In Java, Strings are immutable, meaning that they cannot be changed. (Click here for a more thorough explanation of immutability.)
Since Java strings are immutable, all methods which manipulate a String
will return a new String
object. They do not change the original String
. This includes to substring and replacement methods that C and C++ programers would expect to mutate the target String
object.
Use a StringBuilder
instead of String
if you want to concatenate more than two String
objects whose values cannot be determined at compile-time. This technique is more performant than creating new String
objects and concatenating them because StringBuilder
is mutable.
StringBuffer
can also be used to concatenate String
objects. However, this class is less performant because it is designed to be thread-safe, and acquires a mutex before each operation. Since you almost never need thread-safety when concatenating strings, it is best to use StringBuilder
.
If you can express a string concatenation as a single expression, then it is better to use the +
operator. The Java compiler will convert an expression containing +
concatenations into an efficient sequence of operations using either String.concat(...)
or StringBuilder
. The advice to use StringBuilder
explicitly only applies when the concatenation involves a multiple expressions.

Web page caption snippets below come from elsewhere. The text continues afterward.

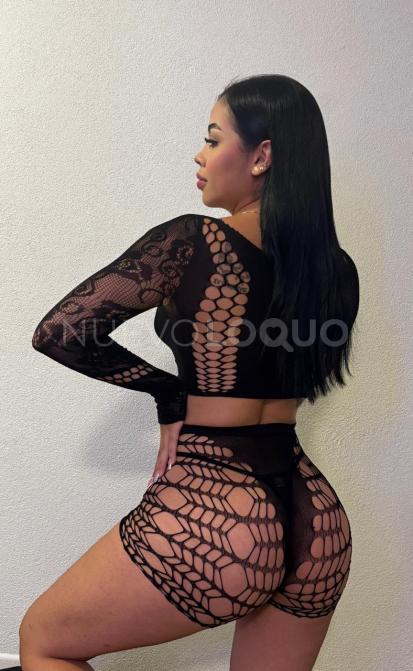 NuevoLoquo2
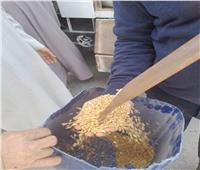 محافظ المنيا يعلن بدء موسم توريد القمح لعام 2024 لـ 42 موقعًا تخزينيًا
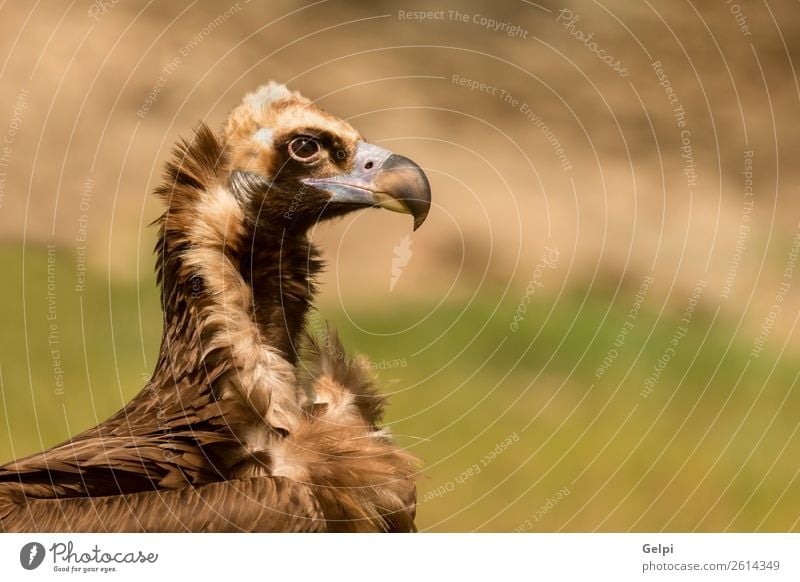 Porträt eines Mönchsgeiers in der Natur Gesicht Zoo Tier Vogel alt stehen groß natürlich stark wild blau braun schwarz weiß Tierwelt Geier Aasfresser Schnabel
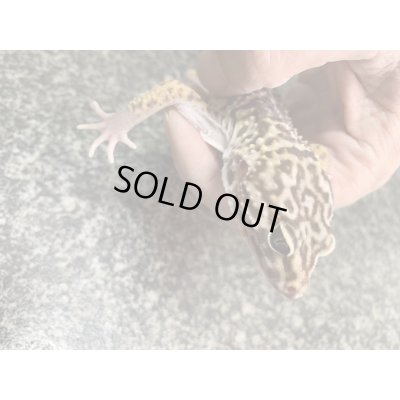 画像3: オバケトカゲモドキ　フゼスタン　ペア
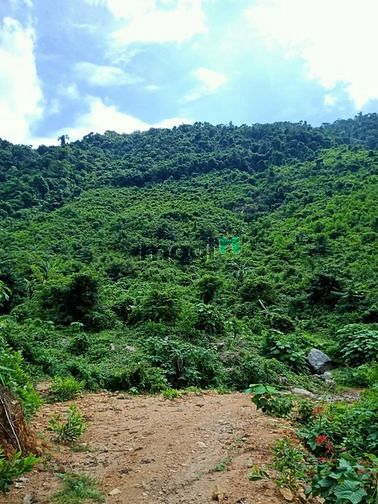 Hình ảnh Bán 9.5HA đất rẫy tại xã Hòa Bắc, Đà Nẵng, 4.9 tỷ TL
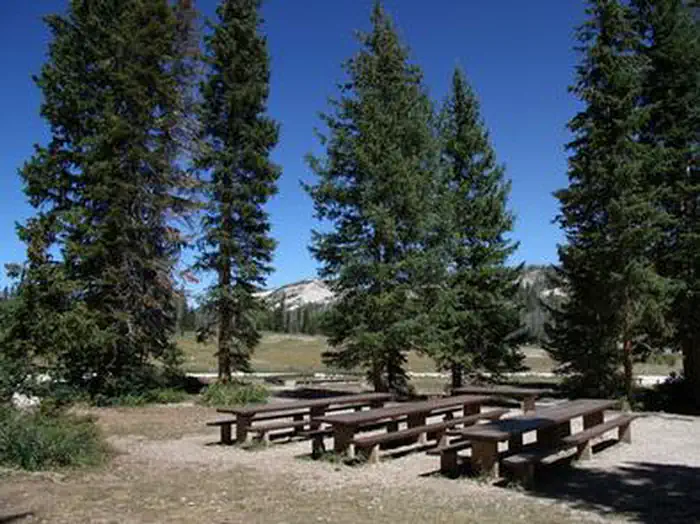 Twelve Mile Flat — Twelve Mile Flat Campground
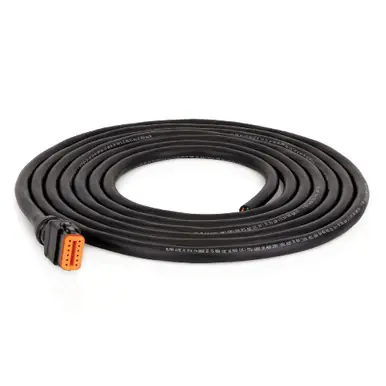 GRACO 26A884 - Compact Dyna-Star 12-Pin DT Wiring Extension, 12-Wire, 20 ft, Flying Leads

Don't store sensitive information in strings. If someone is able to obtain a memory dump of your running application, then they will be able to find all of the existing String
objects and read their contents. This includes String
objects that are unreachable and are awaiting garbage collection. If this is a concern, you will need to wipe sensitive string data as soon as you are done with it. You cannot do this with String
objects since they are immutable. Therefore, it is advisable to use a char[]
objects to hold sensitive character data, and wipe them (e.g. overwrite them with '\000'
characters) when you are done.
All String
instances are created on the heap, even instances that correspond to string literals. The special thing about string literals is that the JVM ensures that all literals that are equal (i.e. that consists of the same characters) are represented by a single String
object (this behavior is specified in JLS).
This is implemented by JVM class loaders. When a class loader loads a class, it scans for string literals that are used in the class definition, each time it sees one, it checks if there is already a record in the string pool for this literal (using the literal as a key). If there is already an entry for the literal, the reference to a String
instance stored as the pair for that literal is used. Otherwise, a new String
instance is created and a reference to the instance is stored for the literal (used as a key) in the string pool. (Also see string interning).
The string pool is held in the Java heap, and is subject to normal garbage collection.
In releases of Java before Java 7, the string pool was held in a special part of the heap known as "PermGen". This part was only collected occasionally.
In Java 7, the string pool was moved off from "PermGen".
Note that string literals are implicitly reachable from any method that uses them. This means that the corresponding String
objects can only be garbage collected if the code itself is garbage collected.
Up until Java 8, String
objects are implemented as a UTF-16 char array (2 bytes per char). There is a proposal in Java 9 to implement String
as a byte array with an encoding flag field to note if the string is encoded as bytes (LATIN-1) or chars (UTF-16).